Another amazing aspect of the site was the condition that the forum was found to be in. A dramatic event, probably an earthquake, occurred in the city around the middle of the fourth century that caused the forum to stop being used and eventually end up underwater. The city’s inhabitants moved out whatever marble they could salvage and reuse. Among the items discovered by David’s team pertaining to this event was a life-sized marble sculpture that dates to the second century.

“ We used some of the most advanced methods of excavation in Butrint,” says David. “It really was a magical time.”
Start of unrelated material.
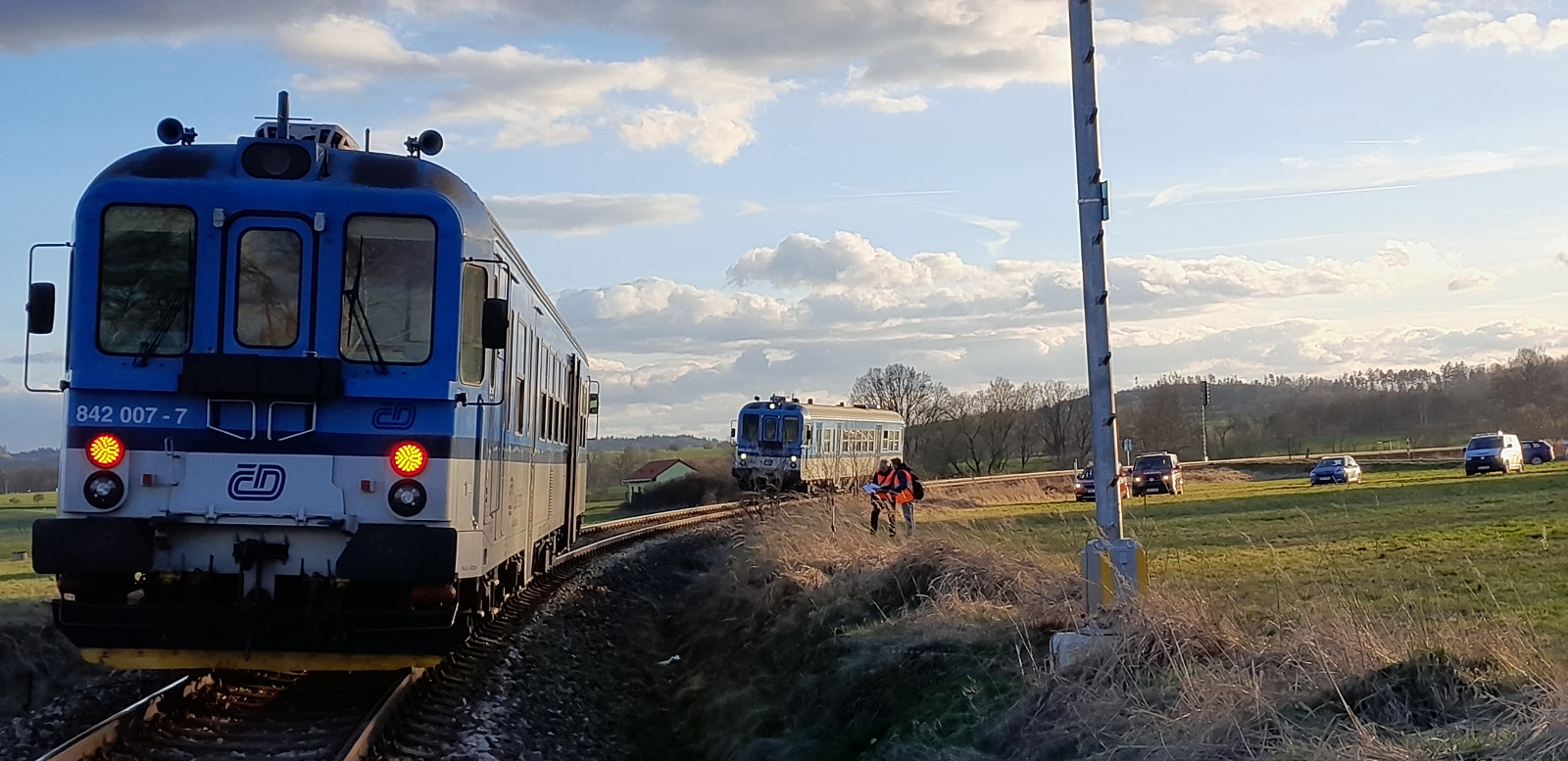Nedovolená jízda spěšného vlaku ve Vlastci na Písecku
“ David has been rather amazing since he arrived at UC,” says classics Professor Jack Davis. “I strongly encouraged him to come to UC with the support of my colleagues, and I’ve been constantly impressed with his ability to adapt to new situations and acquire new knowledge rapidly.”

Now comes his opportunity in Amantia, an opportunity usually reserved for only the top experts in the field. He will formulate the research plan with Albanian archaeologists at the highest levels in order to bring to light lost knowledge of this ancient city and to contribute a piece to the puzzle of history. But, over his last six years, it’s hard to argue that David hasn’t risen to expert level. Just recently he has written a preliminary report on the excavations of the forum at Butrint that has been accepted for publication in the Journal of Roman Archaeology, a prestigious journal in the discipline.

Amantia is the site of the only ancient stadium known in Albania and hasn’t been excavated since the 1950s. With David’s knowledge of modern excavation methods, that creates some exciting possibilities.

“ There’s a lot of work to be done there, and I hope to work in Albania for a long time,” he says. “The basis of one’s ability to excavate in another country is trust. There’s always a lot of apprehension about exploitation. I’ve developed a good relationship with the archeologists in Albania.”

“ I would like to think that I have been of some value in encouraging Dave to think about the broader context in which his discoveries can fit and the contributions they offer to larger issues concerning economic and social history of the ancient Mediterranean,” says Professor Davis. “As he moves towards directing his new project at Amantia, I hope to have many talks with him about organization of fieldwork, particularly in regards to regional studies of the sort he intends to institute there.”